Publicado em: 19/07/2026 17:27
Tribunais consolidam interpretação do STF sobre mínimo existencial na lei do superendividamento
O Supremo Tribunal Federal (STF), ao julgar as ADPFs 1.005, 1.006 e 1.097, estabeleceu que o mínimo existencial de R$ 600,00 previsto no Decreto 11.150/2022 não deve ser aplicado como critério absoluto para caracterizar o superendividamento. A Corte determinou que o valor serve como piso regulatório sujeito a revisão periódica pelo Conselho Monetário Nacional, não substituindo a análise concreta da situação do consumidor. Passados alguns meses do julgamento, tribunais estaduais começam a consolidar essa interpretação.
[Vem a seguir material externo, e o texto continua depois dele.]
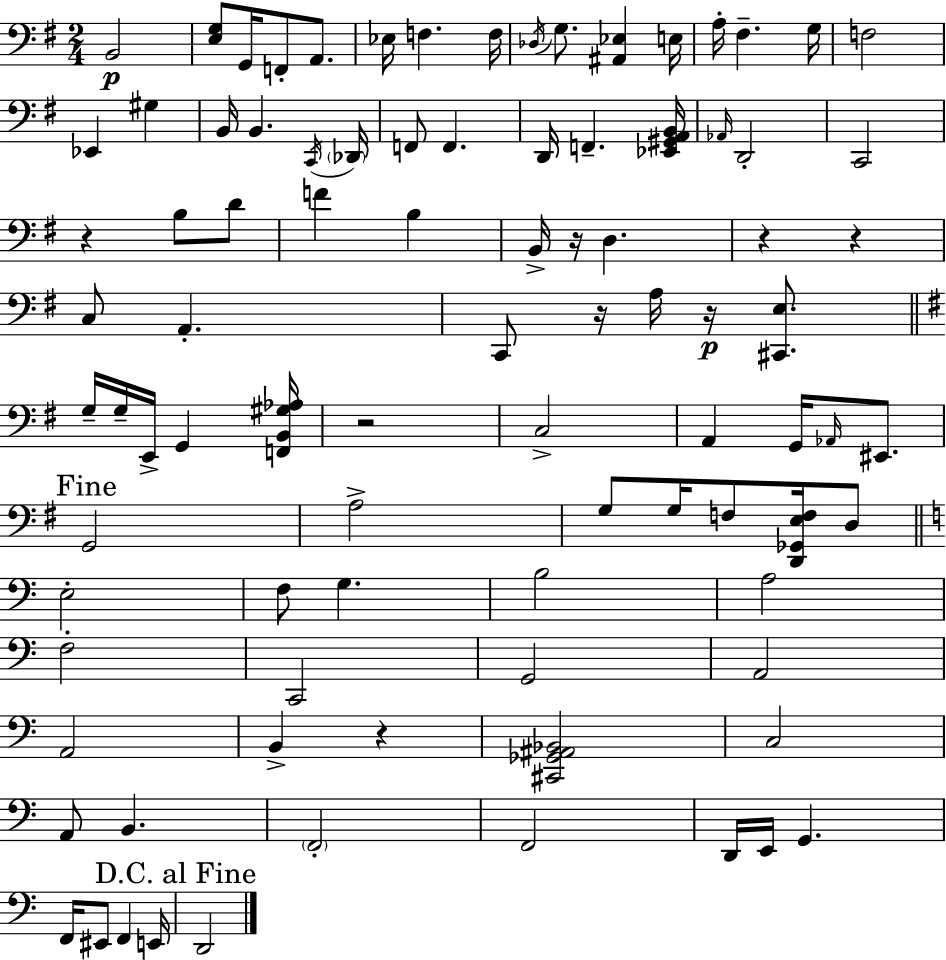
X:1
T:Untitled
M:2/4
L:1/4
K:G
B,,2 [E,G,]/2 G,,/4 F,,/2 A,,/2 _E,/4 F, F,/4 _D,/4 G,/2 [^A,,_E,] E,/4 A,/4 ^F, G,/4 F,2 _E,, ^G, B,,/4 B,, C,,/4 _D,,/4 F,,/2 F,, D,,/4 F,, [_E,,^G,,A,,B,,]/4 _A,,/4 D,,2 C,,2 z B,/2 D/2 F B, B,,/4 z/4 D, z z C,/2 A,, C,,/2 z/4 A,/4 z/4 [^C,,E,]/2 G,/4 G,/4 E,,/4 G,, [F,,B,,^G,_A,]/4 z2 C,2 A,, G,,/4 _A,,/4 ^E,,/2 G,,2 A,2 G,/2 G,/4 F,/2 [D,,_G,,E,F,]/4 D,/2 E,2 F,/2 G, B,2 A,2 F,2 C,,2 G,,2 A,,2 A,,2 B,, z [^C,,_G,,^A,,_B,,]2 C,2 A,,/2 B,, F,,2 F,,2 D,,/4 E,,/4 G,, F,,/4 ^E,,/2 F,, E,,/4 D,,2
O Tribunal de Justiça do Paraná (TJPR), em apelação cível, reformou sentença que havia extinguido o processo por entender que a renda disponível do consumidor era suficiente. A 13ª Câmara Cível destacou que a orientação do STF recomenda análise concreta e global do comprometimento da renda, sem aplicação automática do valor regulamentar. O Tribunal de Justiça de São Paulo (TJSP), por meio da 15ª Câmara de Direito Privado, reiterou que o mínimo existencial não pode ser fixado com rigidez aritmética. Em dois casos, a câmara aplicou parâmetro próprio — 30% da renda líquida ou um salário mínimo, o que for maior — demonstrando que o valor regulamentar é um piso, não um teto. Já o Tribunal de Justiça de Sergipe (TJSE) cassou sentença que havia excluído os empréstimos consignados do cálculo do mínimo existencial, prática declarada inconstitucional pelo STF. A 1ª Câmara Cível fixou tese de que a verificação do superendividamento exige instrução probatória, sendo indevido o indeferimento liminar com base em análise abstrata da renda. As decisões reafirmam que o mínimo existencial é uma categoria jurídica de conteúdo variável, que não se reduz a um valor único e abstrato. Essa posição busca equilibrar a proteção do consumidor com a necessidade de avaliação individualizada, importante para profissionais de crédito, risco e regulação que atuam na área de superendividamento.